$f(x)=x^{3}(x-1)^{2}$
Given : $f(x)=x^{3}(x-1)^{2}$
$\Rightarrow f^{\prime}(x)=3 x^{2}(x-1)^{2}+2 x^{3}(x-1)$
For a local maximum or a local minimum, we must have
$f^{\prime}(x)=0$
$\Rightarrow 3 x^{2}(x-1)^{2}+2 x^{3}(x-1)=0$
$\Rightarrow x^{2}(x-1)\{3 x-3+2 x\}=0$
$\Rightarrow x^{2}(x-1)(5 x-3)=0$
$\Rightarrow x=0,1, \frac{3}{5}$
Since $f^{\prime}(x)$ changes from negative to positive when $x$ increases through $1, x=1$ is the point of local minima.
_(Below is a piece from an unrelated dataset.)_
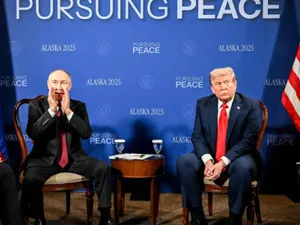 „Trump a vrut să se ridice și să plece”. Solicitarea lui Putin care a stârnit revolta președintelui american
The local minimum value of $f(x)$ at $x=1$ is given by
$(1)^{3}(1-1)^{2}=0$
Since $f^{\prime}(x)$ changes from positive to negative when $x$ increases through $\frac{3}{5}, x=\frac{3}{5}$ is the point of local maxima. The local minimum value of $f(x)$ at $x=\frac{3}{5}$ is given by
$\left(\frac{3}{5}\right)^{3}\left(\frac{3}{5}-1\right)^{2}=\frac{27}{125} \times \frac{4}{25}=\frac{108}{3125}$
Since $f^{\prime}(x)$ does not change from positive as $x$ increases through $0, x=0$ is a point of inflexion.
Disclaimer: The solution in the book is incorrect. The solution here is created according to the question given in the book.